THE DATA below:
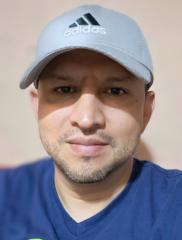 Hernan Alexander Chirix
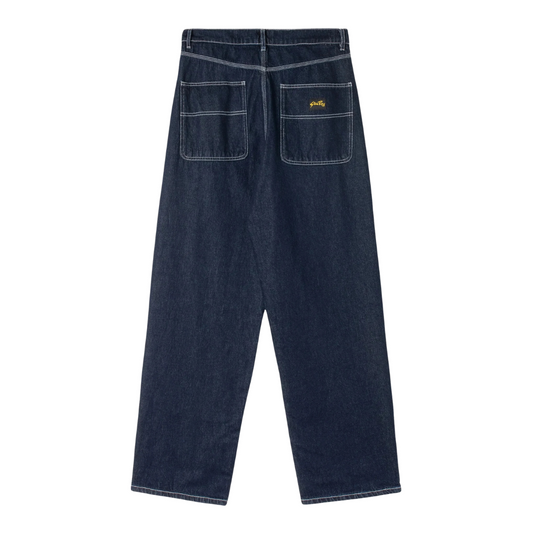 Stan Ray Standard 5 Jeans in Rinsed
End of THE DATA.
THE DATA below:
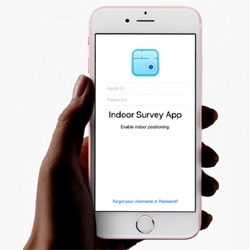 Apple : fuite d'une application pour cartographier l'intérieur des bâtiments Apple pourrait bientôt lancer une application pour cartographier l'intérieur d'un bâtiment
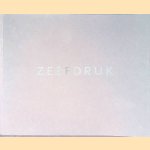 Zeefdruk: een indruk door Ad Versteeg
End of THE DATA.
#### TASK GOAL:
Only the lines above from the one containing "Hernan Alexander Chirix" through the one containing "Stan Ray Standard 5 Jeans in Rinsed" should be returned, verbatim and inclusive, with pictures excluded.

#### RESPONSE FOR THIS EXERCISE:
 Hernan Alexander Chirix
 Stan Ray Standard 5 Jeans in Rinsed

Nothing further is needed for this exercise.